Types of extensions and their pros and cons


There are several ways to raise the value of your home and if you want a drastic change, then people often turn to a more drastic solution too which are all possible, especially if you live in a house or have a detached home for full usage. Let’s see what the most generic types of extensions exist alongside their pros and cons:

Restructuring: The most general way for someone to try to win place is with the rearrangement of the living space, which generally means, to win space by getting out walls from places and putting walls in, if needed in other places. The restructuring can have stunning results especially if someone loves the kitchen to be together with the living room or simply if someone has a small living place. The bigger and more airy a place looks like, the better the value of a place will be. But make sure you don’t over-structure your space otherwise you will make it way too defiant which means the less people will be interested in buying it instantly.
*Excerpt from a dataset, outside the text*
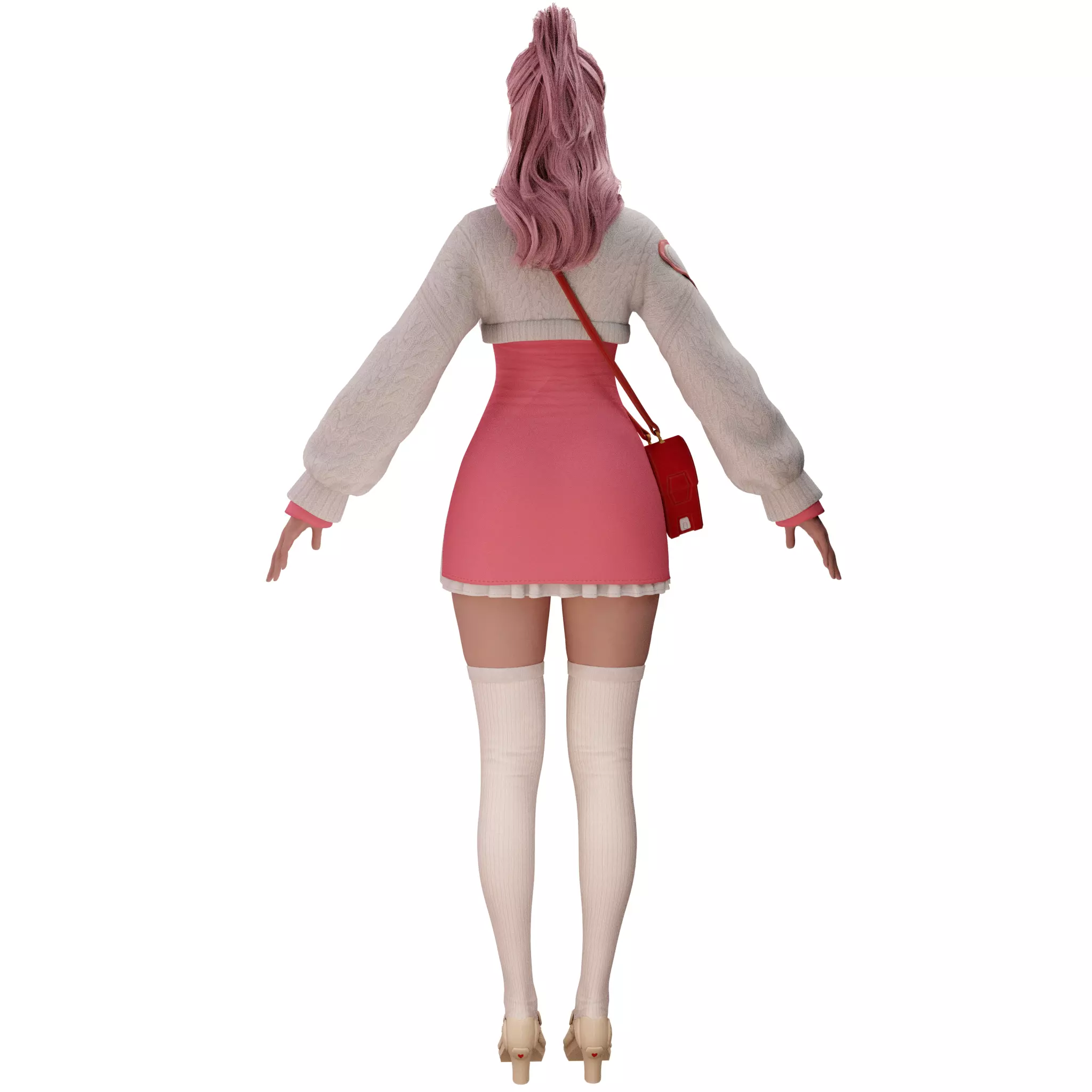 The First Descendant Skin 27 3D model_4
Additional one-room house outside the house: many people change their original garden shed and decide to build a little house in the end of the garden. This is a pretty good idea, but can be costly especially as these little houses work the best if they have their own small kitchen/cooking counter and at least a toilet with a tap. In that case it can be perfect for a teenage kid or to be a sort of a guest room. This can also be perfect for those who want to rent out a segment but would not welcome strangers inside their homes.

Turning basement into a separate or adjoining living area: there are tons of homes with basements where a separate entry in the house can be done (if not already done). These basements call for a complete renovation whereas the area is turned to become a small self-service apartment in itself. This way it’s really a huge addition to the home’s value (it can be even sold alongside the renter) or the perfect solution for those who don’t want to sell their home yet need an urgent addition to their current income.

Turning loft into an additional living area: if you live in a house and your loft only serves as a storage room you can turn it to an additional room or living area, depending on the exact space you have. However due to structural difficulties, most construction specialists would tell you to rather try with an extra space in the basement as its way cheaper than turning the loft into a living area and offers more space ready for usage than by the roof where the walls are difficult to be made partly or fully vertical.

Elongating a house or turning a patio into a living area: there are many people who eventually decide to turn their patio into a winter garden or a hideaway, so that they can use it all year long. This can either be fully made a room or can remain sort of a patio with windows, It certainly adds a lot of space to a home.

Before any constructions please consult a real estate agent as not all the additions would raise the value of a home with as much as you would hope for.